• [Problem to solve]
Please output the records below in full, exactly as given, but without the images.

• [Data excerpts]
◆ ◆ ◆

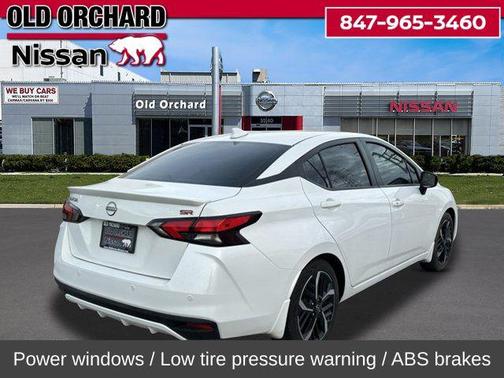 Aspen White Tricoat 2023 Nissan Versa 1.6 S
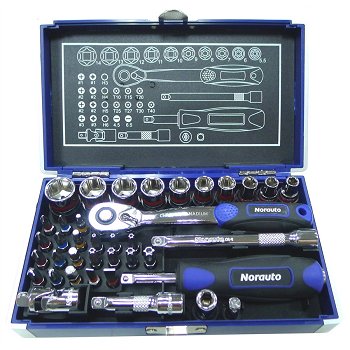 Coffret cl&eacute; &agrave; cliquet carr&eacute; 1/4'' + douilles 6 pans 5,5-14 mm et embouts NORAUTO 38 pi&egrave;ces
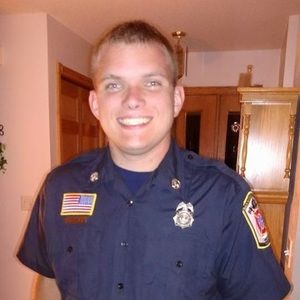 Meet your Posher, Dominic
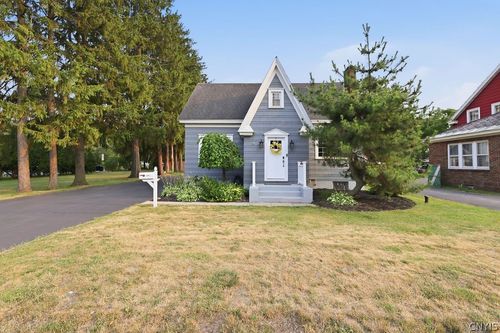 5280 W Taft Rd, Syracuse, NY, 13212-2745 | Card Image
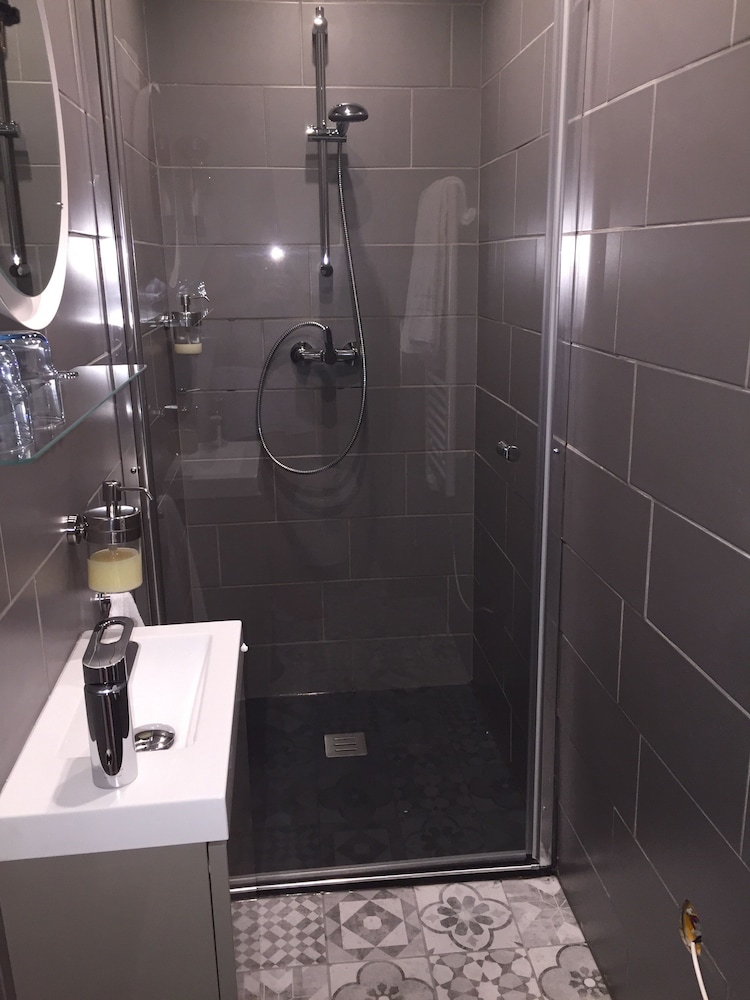 Basic, Single, Queen Bed, Boutique Hotel B&B Fleurie 3/4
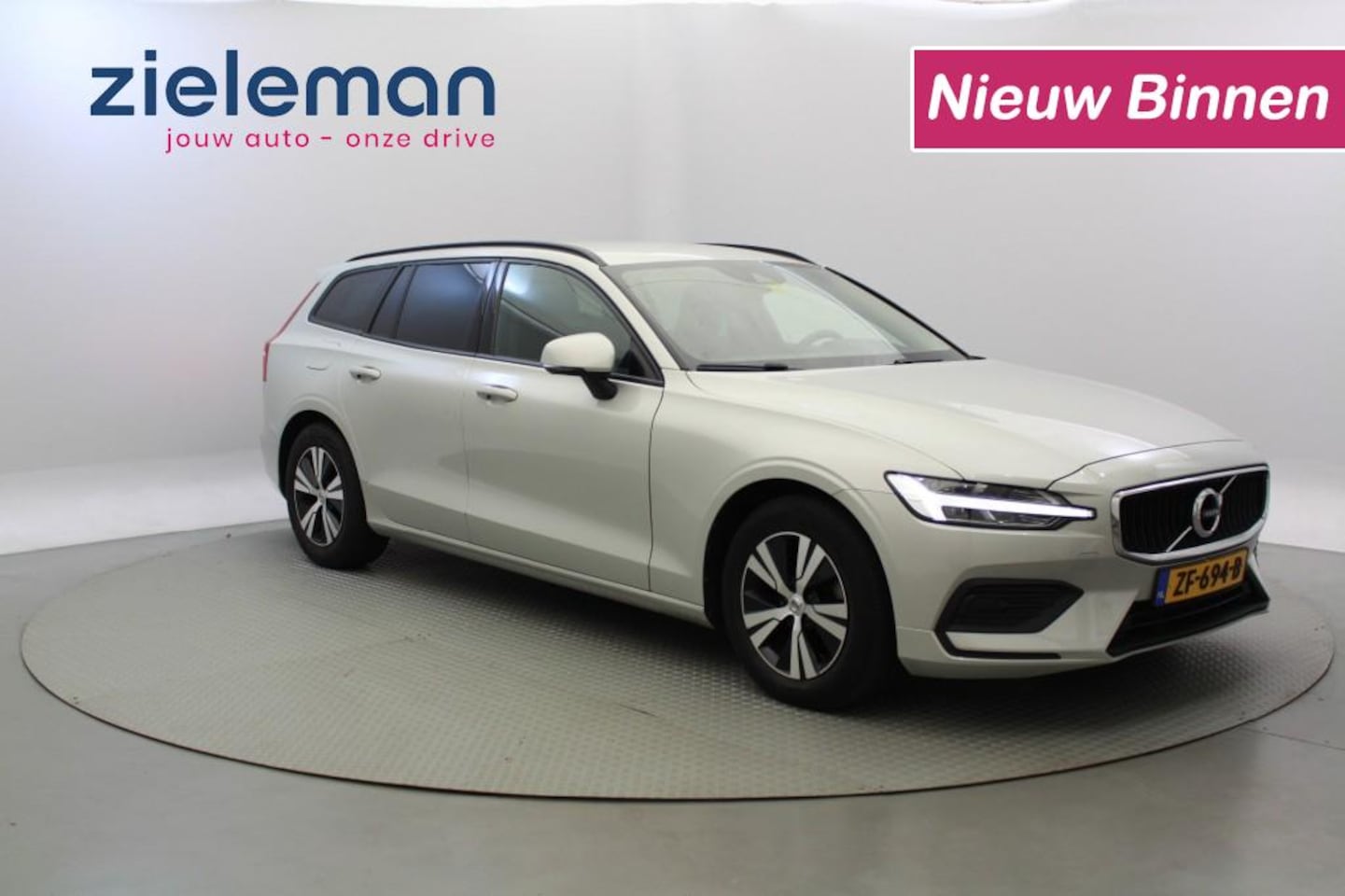 Volvo V60 - 2.0 D3 Momentum 2.0 D3 Momentum - AutoWereld.nl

◆ ◆ ◆

• [Exercise solution]
 Aspen White Tricoat 2023 Nissan Versa 1.6 S
 Coffret cl&eacute; &agrave; cliquet carr&eacute; 1/4'' + douilles 6 pans 5,5-14 mm et embouts NORAUTO 38 pi&egrave;ces
 Meet your Posher, Dominic
 5280 W Taft Rd, Syracuse, NY, 13212-2745 | Card Image
 Basic, Single, Queen Bed, Boutique Hotel B&B Fleurie 3/4
 Volvo V60 - 2.0 D3 Momentum 2.0 D3 Momentum - AutoWereld.nl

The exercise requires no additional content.